On the issue of fertility rates in urban versus rural areas, Professor Zheng stated that the rural fertility rate is currently slightly higher than that of the urban fertility rate, which stands almost universally at one child per family. The policy contributed to a faster fertility drop in some rural areas according to Zheng, but at the same time she pointed out that the fertility rate in urban areas was already low, while the fertility rate in urban areas would have remained low without the policy. According to Zheng, the greatest impact that the one-child policy has had upon China is its inadvertent creation of an ageing population, which Zheng claimed is the "largest challenge for China because historically, China has never observed such an ageing society. And it (leads to) changes in society and changes in the family also."

Many observers also point out that the one-child policy has exacerbated China's gender imbalance.
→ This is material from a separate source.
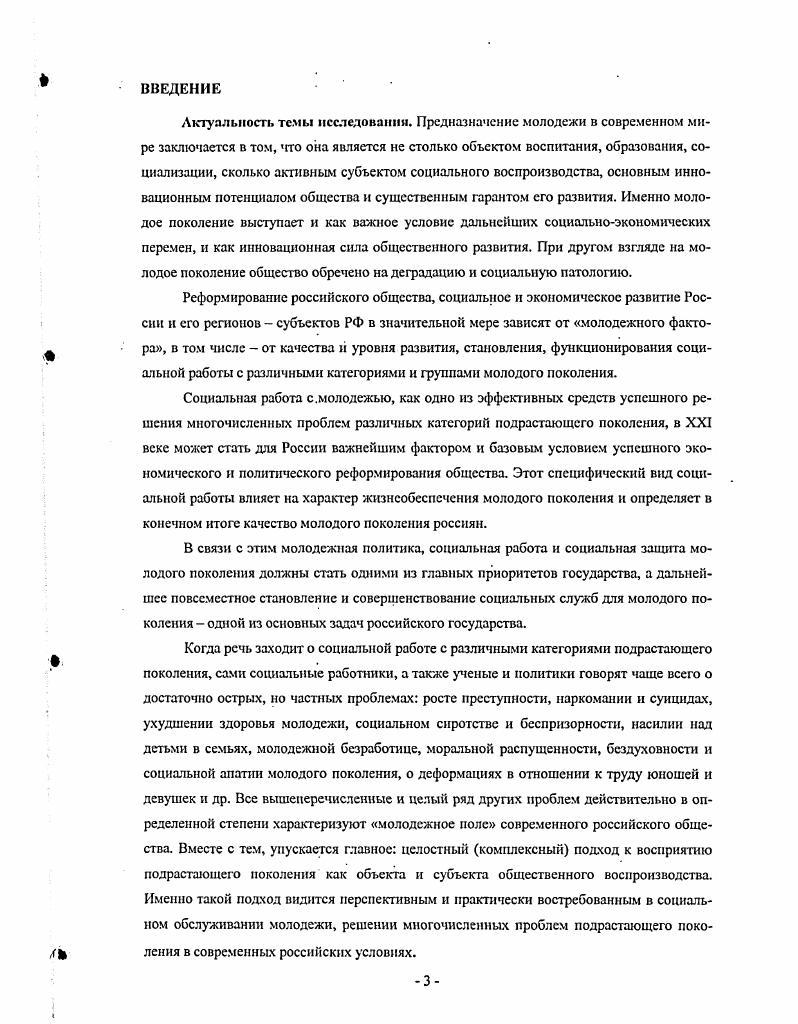 1.2. Социальные проблемы молодого поколения.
At present, it is estimated by the Chinese Academy of Social Sciences that 119 boys are born for every 100 girls, in part due to the fact that the one-child policy exists alongside a traditional preference for male "heirs". But Professor Zheng interestingly downplayed this aspect of the one-child policy, despite the fact that her institute has been observing this growing trend over the course of the past decade.

Whilst admitting that the policy accelerated the gender imbalance, Zheng points out that the problem can and will change in the future, whereas the impending crisis of an ageing population will not. Zheng added that the gender gap, "is related more or less to the social economic status of women, and women's role in the family; and also economic and social development, for example social welfare and old age support. A lot of things I think are complicated, but it is changeable and I think it will be improved in the future."

According to the CDRF's report, China's population has seen a declining annual growth rate, slowing to 0.57 percent in the first decade of the twenty-first century, down from 1.07 percent in the previous ten years. As a result of this declining trend in the growth rate, alongside a number of other factors, the CDRF has concluded that by 2020, there will be no need to continue birth planning as people will make more rational decisions on birth-related issues.

Professor Zheng echoed these opinions, noting that, "The goal has been over-achieved. Population growth has already slowed down. At the individual level, people's child bearing behavior has already changed; very few families prefer a large family size, so it's not necessary for such a policy to exist." Zheng also pointed out that even though China's fertility rate may increase slightly should the policy be phased out, according to research carried out by the Institute of Population and Labor Economics at the Chinese Academy of Social Sciences, even without such a policy, families in China are unlikely to have three or more children.